Mr. Ozzie's software, simply called Groove, employs the same
peer-to-peer approach to permit small groups of workers to share
computer data, have voice conversations and create a shared "virtual
space" without need of a large corporate network infrastructure.
In addition, Groove promises to increase the ease with which any two
people can have private and secure conversations over the Internet.
One of the first consumer-oriented software programs to take full
advantage of the Clinton administration's decision to drop national
security restrictions on encryption technology, Mr. Ozzie's program
will permit any group of users to create a secure and private channel
beyond the reach of government monitoring like the F.B.I.'s Carnivore
system.
In turning the product into a business, Mr. Ozzie will borrow from
the business model of Real Networks, which gives away a simple
version of its streaming-media software and sells a commercial
version.
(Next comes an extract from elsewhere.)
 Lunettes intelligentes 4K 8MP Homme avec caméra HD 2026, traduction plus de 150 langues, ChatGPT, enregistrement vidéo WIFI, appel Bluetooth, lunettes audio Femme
Groove also foresees revenue from add-on software
components, developer licenses, and a centralized server business
that will help manage the flow of information.
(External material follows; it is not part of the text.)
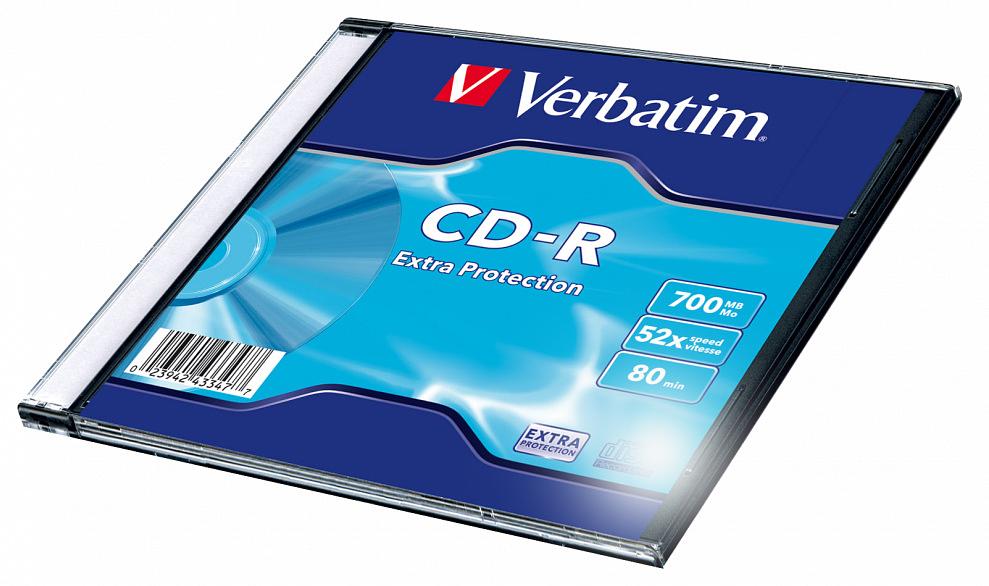 Диск CD-R Verbatim 700Mb 52x Slim case (1шт) (43347) фото 3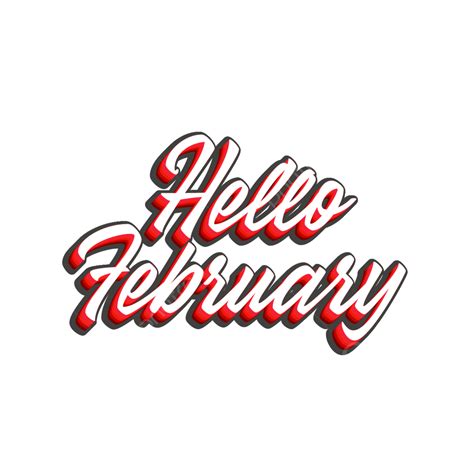 Hello February Clipart Png Images Hello February In Retro Style Hello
Mr. Ozzie's vision has managed to attract $60 million in capital for
his company, which is based in Beverly, Mass., and has 150 employees.
But it also has a formidable potential competitor: the Microsoft
Corporation, which already includes a component known as NetMeeting
with its Windows operating systems.
But Microsoft has done little to push the idea of peer-to-peer
computing as a basic computer platform strategy to date. Several
analysts suggested that one possibility would be for the giant
software publisher to respond to Groove in a manner similar to its
response to Netscape Communications.
In 1995, fearing that it would be overtaken by Netscape, Microsoft
responding by building its Internet Explorer directly into the
Windows operating system.
"I think Microsoft is a potential competitor or partner depending on
how it shakes out," said Dana Gardner, research director for the
messaging and directory services program of the Aberdeen Group, a
computer industry consulting firm. "If Groove is as groovy as they
say they are and does things Microsoft can't in the right time frame,
they will be able to maintain an advantage."
Currently, Groove's advantage is that it provides a set of
application programming interfaces intended to encourage developers
to build programs based on Groove's software and network
infrastructure, thereby supplanting the role of the operating system.
That model is what attracted Jim Breyer, managing partner at Accel
Partners, the venture firm in Palo Alto, Calif., that is Groove's
major investor. "We went into the deal realizing that it would take
several years for Groove to get deep traction" among corporate users,
he said.
But he also said he believed that the company would quickly find a
market with companies like Wal- Mart, which is developing a Groove
application to permit its customers to share digital photographs.